_WHAT YOU ARE ASKED TO DO_.
In the entries below, find the line with "Apartamento para alugar", then set it down exactly along with each line after it to the end, skipping any pictures.

_Stored items from a collection_.
[Start of Attachment]
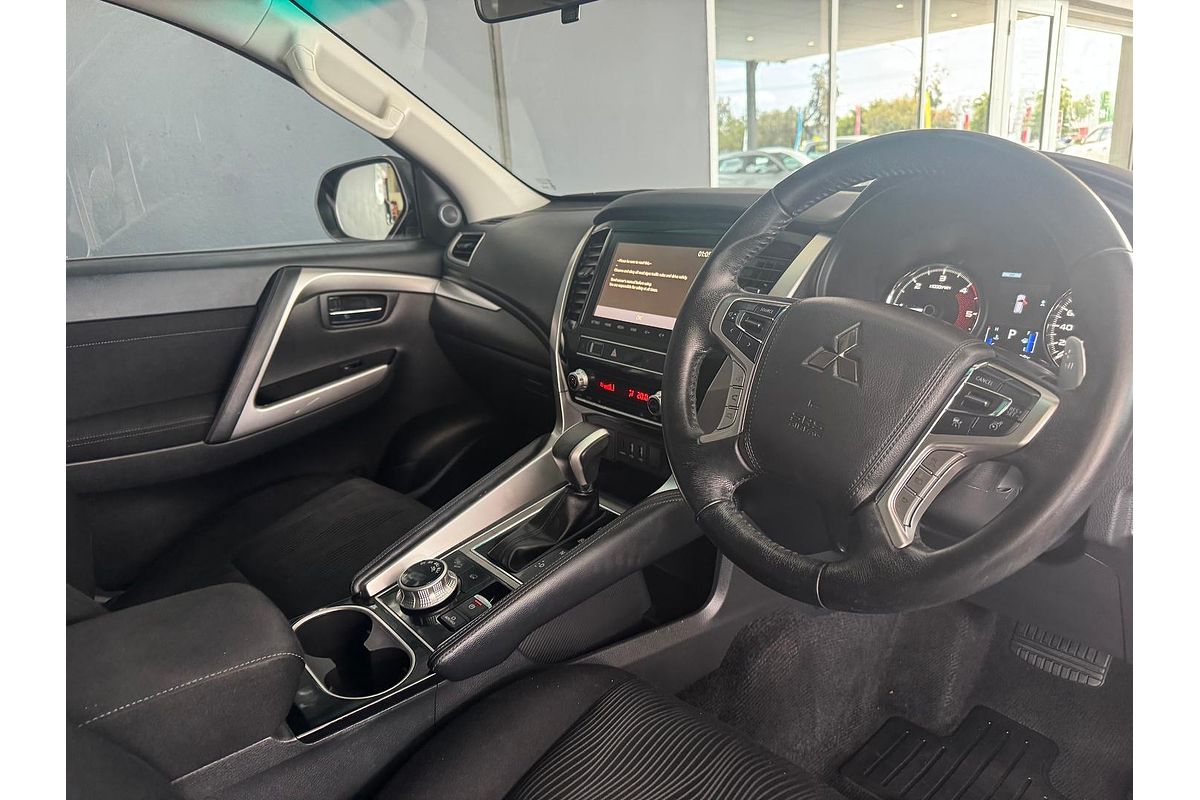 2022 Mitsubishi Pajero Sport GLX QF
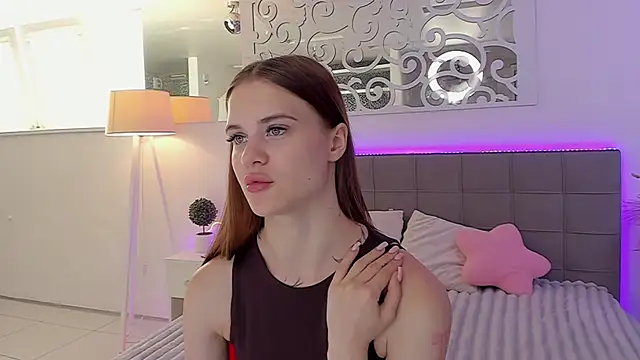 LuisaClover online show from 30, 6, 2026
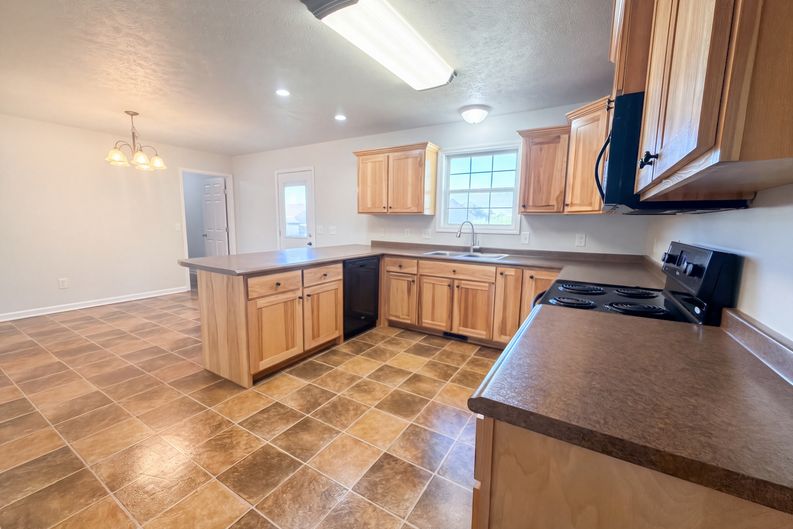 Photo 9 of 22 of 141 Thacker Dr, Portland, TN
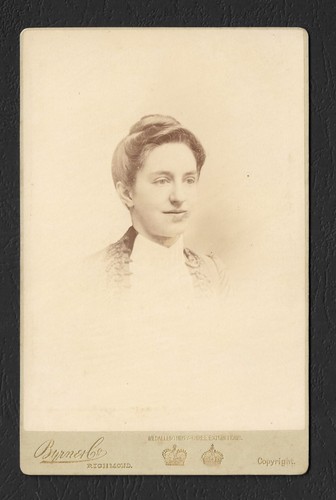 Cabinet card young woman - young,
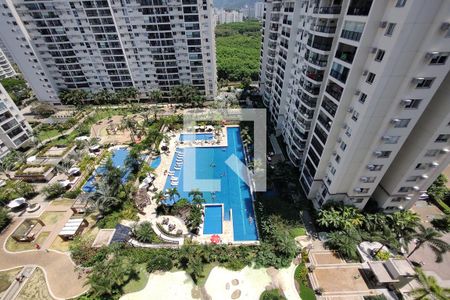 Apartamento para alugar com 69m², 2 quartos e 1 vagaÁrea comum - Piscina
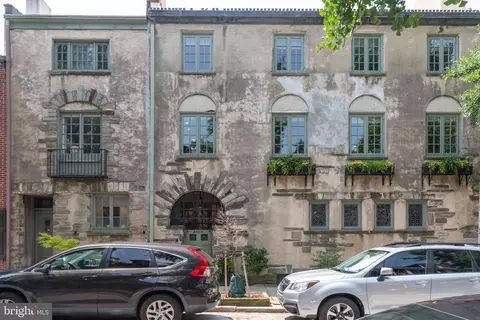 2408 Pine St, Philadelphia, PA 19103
[End of Attachment]
_EXPECTED ANSWER_.
 Apartamento para alugar com 69m², 2 quartos e 1 vagaÁrea comum - Piscina
 2408 Pine St, Philadelphia, PA 19103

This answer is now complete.